Thursday, March 31, 2011

DEN to SFO.

Flying over the Great Basin. It is the first time I have ever taken a plane west of Wyoming, across these giant arid spaces that bunch up and drop into the ocean.

The first time I came to the coast I was alone, packed into my old silver Honda and not sure what I was doing. I stopped to sleep in the dust in the middle of Utah, drank middle-of-nowhere coffee out of styrofoam, pissed on the side of the road in Nevada. I came down the Sierras in late afternoon, tasting the air thicken until, at a park outside Sacramento, I could swear I was in the cricket-humming Midwest of my childhood. Then I bought fruit from a stand in the hills and spent the night just short of the ocean, parked against a neighborhood curb.

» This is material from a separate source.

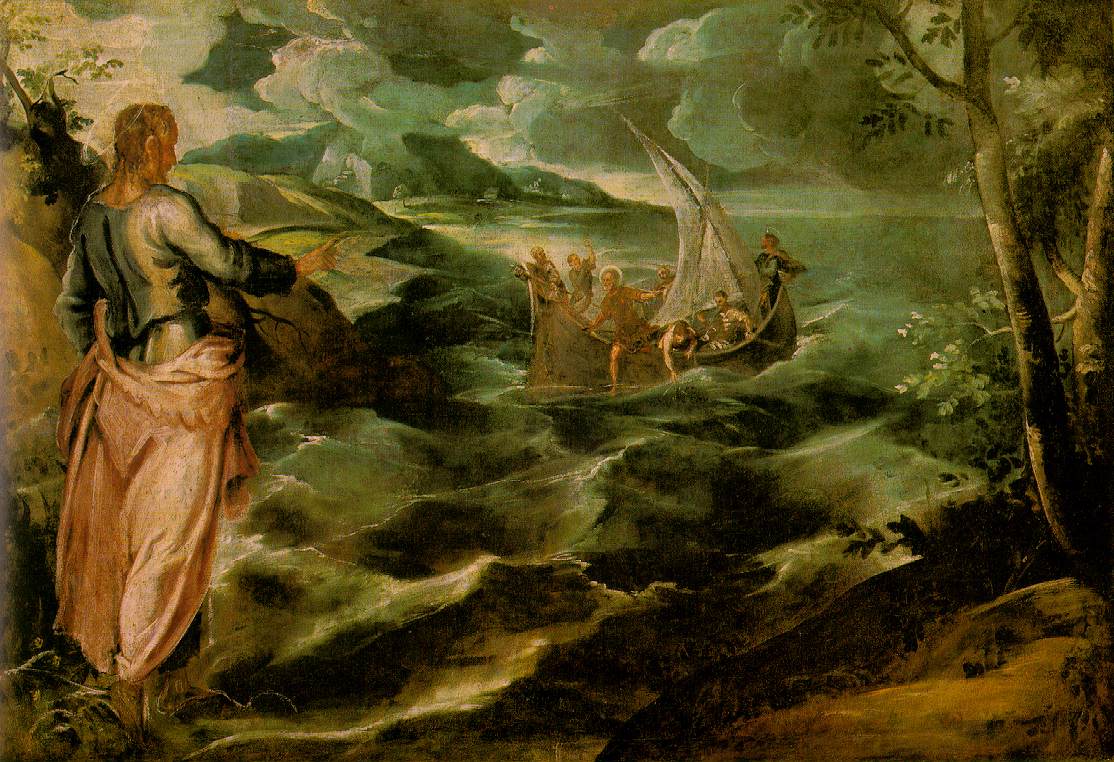Tintoretto shows Jesus walking on the sea as Peter climbs out of the boat to go to Him.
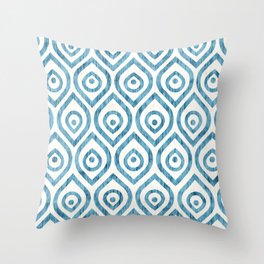 Blue ogee pattern Throw Pillow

When I woke, the dawn was pale. Roosters roamed the streets and a burro wandered the old Spanish plaza. San Juan Bautista. The only person awake was a baker girl, who sang loudly in her shop with the door open. I walked circles on the asphalt, watching the light rise.


It was raining as I got back into the car. I turned up the music and went to the ocean. For the first time, the Pacific stretched before me. I was nineteen years old, wearing ripped jeans, with long hair that curled at the ends.


I ran toward the break. It surged toward me. Suddenly soaked to the knee, laughing, sand whipping in the wind.  Fifteen hundred miles from my tiny dorm room, the ocean had taken care of the last three feet.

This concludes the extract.